Kenanga Research & Investment

BNM Forex Reserves - A surprise turnaround in November

kiasutrader
Publish date: Mon, 10 Dec 2018, 09:28 AM

OVERVIEW

● Bank Negara Malaysia (BNM) foreign international reserves increased by USD0.3b or 0.3% MoM to USD102.0b as at November 30 from USD101.7b a month before, after declining for the past 6 straight months, since the unprecedented 14th general election result in May while trade war concerns and the US Fed interest rate hike continued to exert pressure on the Ringgit. According to its official release, the month’s reserves position remains adequate to finance 7.5 months of retained imports and is 1.0 time the short-term external debt.

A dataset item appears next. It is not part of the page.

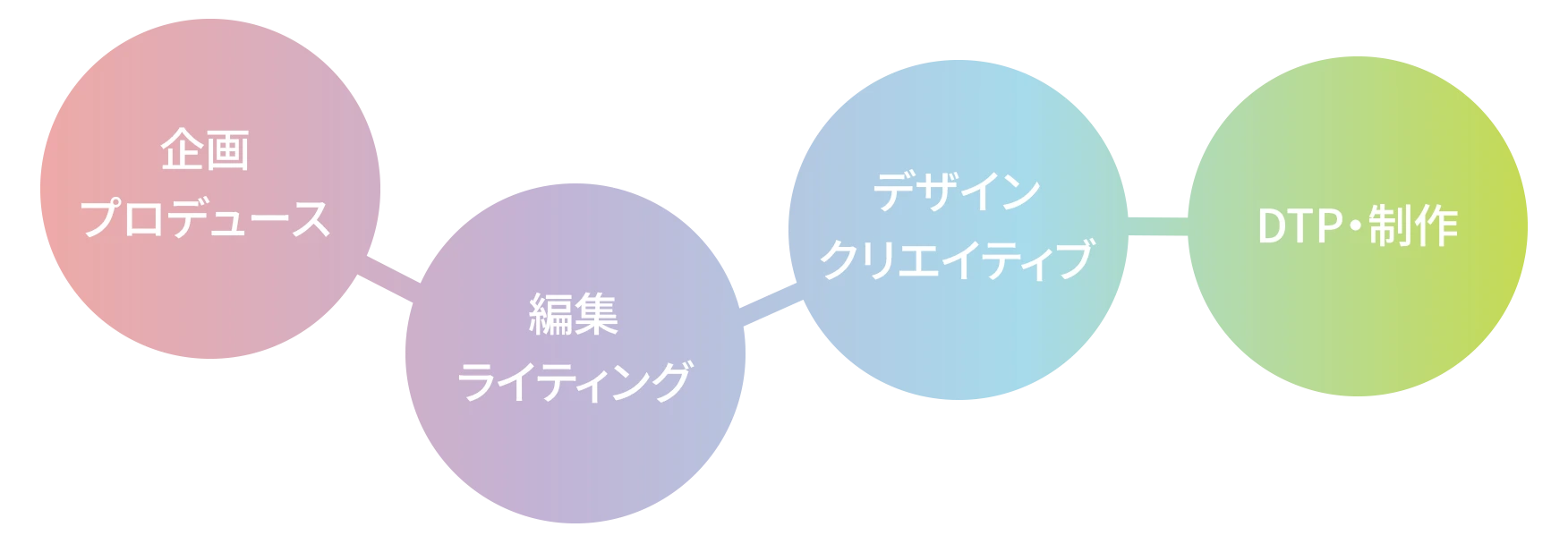 企画・情報設計、編集・ライティング、デザイン・クリエイティブ、DTP・制作のサービス領域図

● On a similar direction, Ringgit value of reserves rose by 0.3% MoM or RM1.4b to RM422.8b from RM421.5b in October. In November, the Ringgit was traded at an average of RM4.1867 against the USD, losing 0.7% MoM (Oct: -0.5%), its seventh consecutive month of decline. Year to date, the Ringgit has depreciated by 3.0% against the USD while other Asian currencies, such as Indonesian Rupiah, Philippines Peso, Thailand Baht and Singapore Dollar depreciated by 6.3%, 5.6%, 0.8% and 2.5% respectively.

● The month's larger foreign reserves were mainly attributable to an increase in foreign currency reserves. It registered a positive turnaround, growing by USD0.3b or 0.3% MoM (Oct: -1.3%) to USD96.3b in November. Apart from a large repatriation of exports’ earnings, it could also be due to a large inflow of FDI related to investment in RAPID.

● Despite ample foreign reserves, uncertainties emanating from external factors could weigh on domestic growth in the short to medium term. This includes the ongoing monetary policy tightening by the US Fed. A rate hike for December is still in the works, as indicated in the FOMC meeting minutes, although the pace is expected to be slower for next year, as signalled by key Fed officials, including its Chairman Jerome Powell. With regards to trade war, uncertainties are likely to persist despite the announcement of 90-day new tariff halt by President Trump, as investors await further concrete resolutions to be put forward. Against this backdrop, we expect continued outflow of hot money and the threat of further depreciation of the Ringgit. Nevertheless, this will unlikely prompt BNM to raise OPR, as domestic indicators are pointing towards growth moderation, among others, the latest manufacturing PMI dipped fastest in 6 months, while consumer price index only inched up marginally by 0.6% YoY in October, amid muted impact from the imposition of Sales & Services Tax.

● As domestic economic growth is expected to taper off and inflation is expected to remain subdued, we believe BNM will hold the OPR unchanged at 3.25% till year end and potentially next year, in ensuring price stability and to remain supportive of growth. With this in mind, coupled with on-going trade tensions and prospect of strong USD bias at the external front, we maintain our USDMYR end of year forecast at RM4.15 (end-2017: 4.05).